Three Health Center faculty members participated recently in a prestigious academic leadership program for women.

The three are Nancy Adams, professor of medicine and a nephrologist; Susan Reisine, professor and head of behavioral sciences and community medicine; and Sandra Weller, professor and head of microbiology at the Health Center.

Image: Dr. Nancy Andrews, Susan Reisine, and Sandra Weller

From left, Dr.

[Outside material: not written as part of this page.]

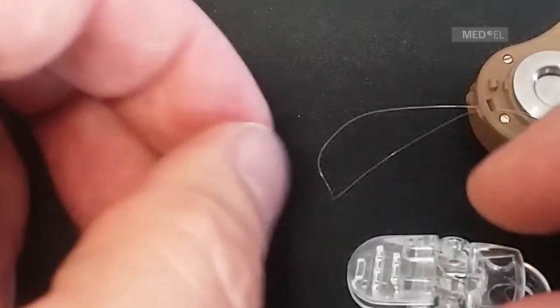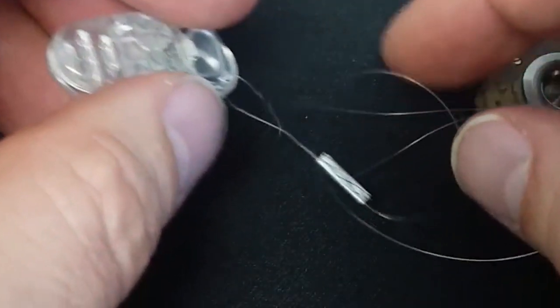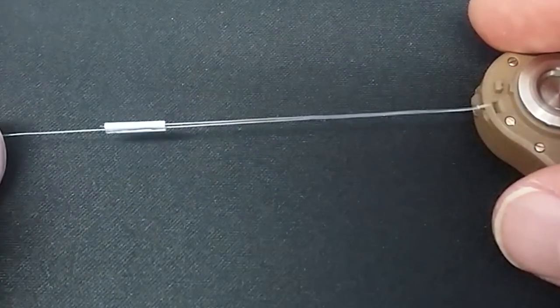The retention clip can be connected to the audio processor with a loop. It is recommended during sport, play, or in other situations where there is a risk of the device falling off. The clip can be attached to clothing.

Nancy Adams, Susan Reisine, and Sandra Weller, pictured in the Health Center's Lyman Maynard Stowe Library, have been taking part in a prestigious leadership program for women in Philadelphia.

Photo by Peter Morenus

The program is known as Executive Leadership in Academic Medicine (ELAM) and is part of the Institute for Women's Health and Leadership at Drexel University College of Medicine in Philadelphia.

Established in 1995, ELAM is the only in-depth national program that focuses on preparing women faculty at U.S. and Canadian medical and dental schools for senior leadership positions at academic health centers.

Half of the program's 300 former participants now hold senior leadership positions, such as dean or chief academic officer, senior or associate dean, or vice president.

"ELAM is a very intense, comprehensive program on leadership skills that covers the gamut from finance and budgets to negotiating skills and career counseling," says Reisine. "In addition, being away from your job to attend the program allows you to focus on how to improve your own skills and think about career opportunities and priorities."

Through executive training, combined with extensive coaching, networking, and mentoring opportunities, the program prepares senior female faculty at medical and dental schools to move into positions of institutional leadership where they can effect positive change.

Participants are nominated by the medical or dental dean or chief executive officer of their academic health center and then selected by a national committee to attend three educational sessions of five to seven days each.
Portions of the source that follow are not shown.